§ WORKING DATA:
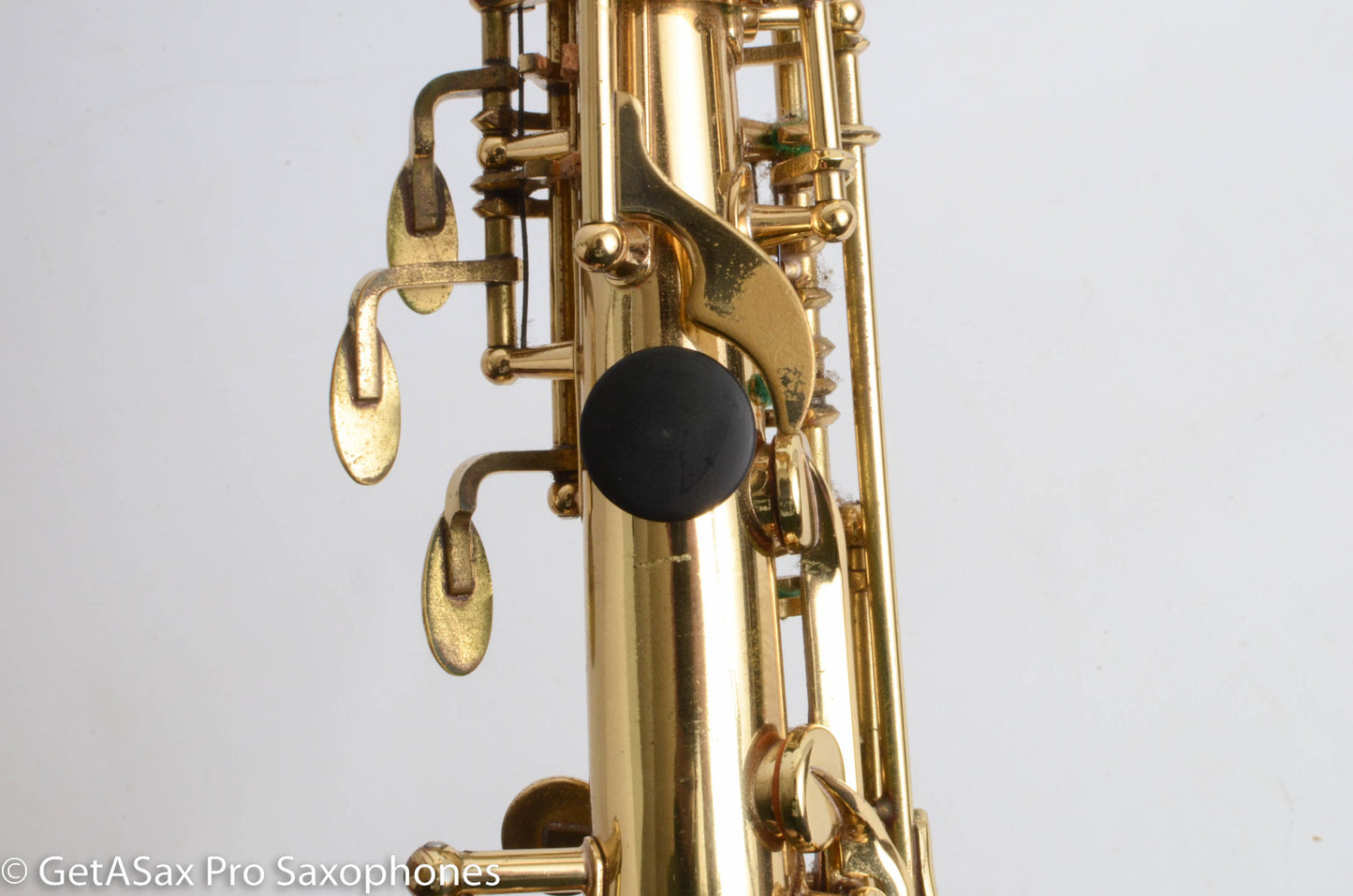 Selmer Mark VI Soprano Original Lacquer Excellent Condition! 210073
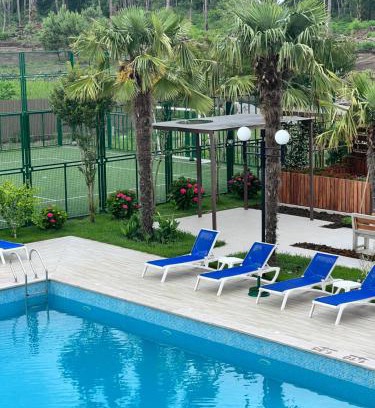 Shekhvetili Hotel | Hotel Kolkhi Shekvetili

--

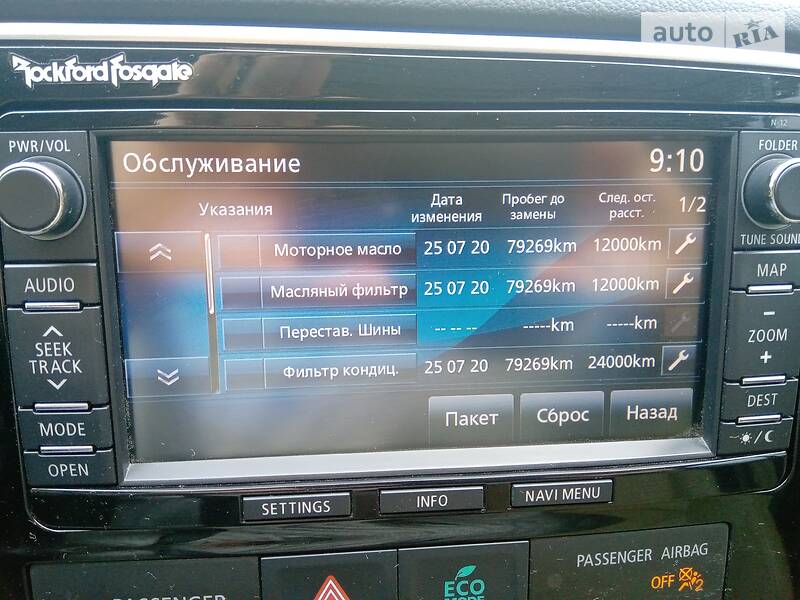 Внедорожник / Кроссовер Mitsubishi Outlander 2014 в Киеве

§ ASSIGNED TASK: Give again the stretch of the entries above that begins at the line with "Selmer Mark VI" and ends at the line with "Shekhvetili Hotel | Hotel Kolkhi Shekvetili", word for word, with no pictures.

§ RESULT OF THE TASK:
 Selmer Mark VI Soprano Original Lacquer Excellent Condition! 210073
 Shekhvetili Hotel | Hotel Kolkhi Shekvetili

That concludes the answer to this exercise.